The film went on to premiere at the Los Angeles Film Festival, where it won best cinematography thanks to our brilliant cinematographer Brian Rigney Hubbard, and was lauded with wonderful reviews from legends like Peter Travers at Rolling Stone. Even recently, when I saw my friend Sarah Polley, director of the phenomenal film Women Talking, the first thing she said to me was, “When are you going to direct a movie again?” It is the little moments like these, the small reminders from our peers of how powerful we can be—how effective we can be in our own journeys and storytelling as women—that can change the course of our entire creative lives.
I could never have imagined in my wildest dreams that Paint It Black would have the impact it did on those who watched it.

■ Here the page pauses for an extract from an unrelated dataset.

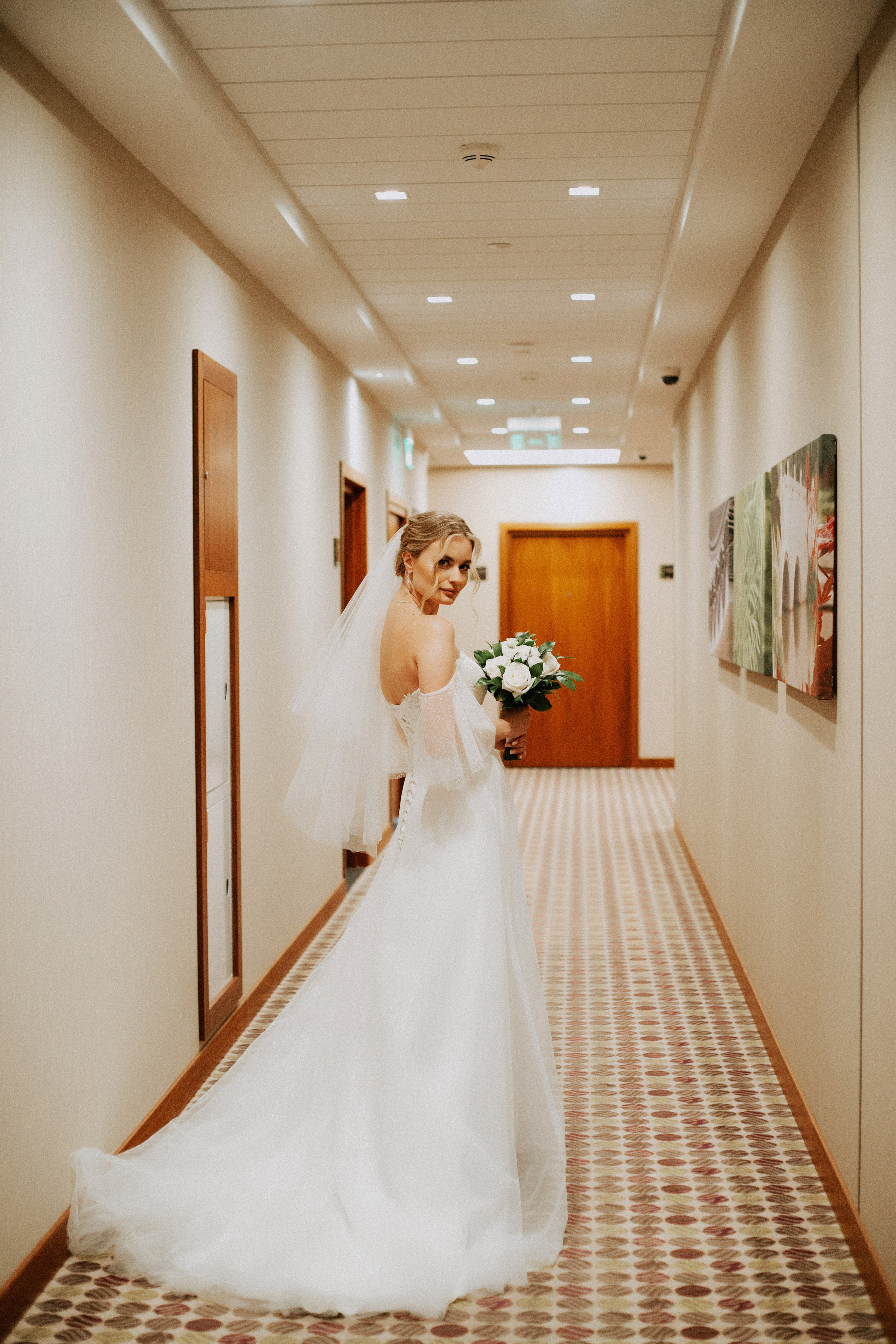 Лена женя. Фотограф|Волгоград|Фролово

Even more surprising was the lasting impact working on the film had on me and how the experience of working so closely with these women has continued to inform the way I seek to uplift and encourage women in my personal and professional life.
A few years ago, I was sitting in a bar in Brooklyn having beers with my friend, the actress and soon-to-be director Olivia Wilde. She was telling me about a script she had read called Booksmart. It was a project she had fallen in love with and had a vision for, and she was starting to think about directors for the film. Listening to her passion for the story, I remembered Courtney’s words to me all those years ago, Wren's encouragement, Tilda’s belief in my vision, and all the women who had supported me along the way. “You should direct it, Olivia,” I said to her.
“You think so?” she said.
I answered, fully knowing, “I do.”
Tell me about an uphill climb in your personal or creative life. Was there a time you succeeded when you thought you couldn’t? Was there a woman who was there for you as a friend, a mentor, a peer when you needed one?
Why did I start tearing up in the middle of the airport when you told Olivia Wilde she should direct “Booksmart”?? 🥹
This is such a wonderful retelling of what I can only imagine to be a difficult and exciting and frustrating and rewarding and nerve-wracking experience! Thank you for sharing... I hope to keep this energy and these emotions with me! 🙌🏼
Whoa, so much here. This is such a generous and thoughtful post. Love this: "The film was a Bechdel-Wallace Test in reverse: the women weren’t fighting over a man; they were fighting over their obsession with each other."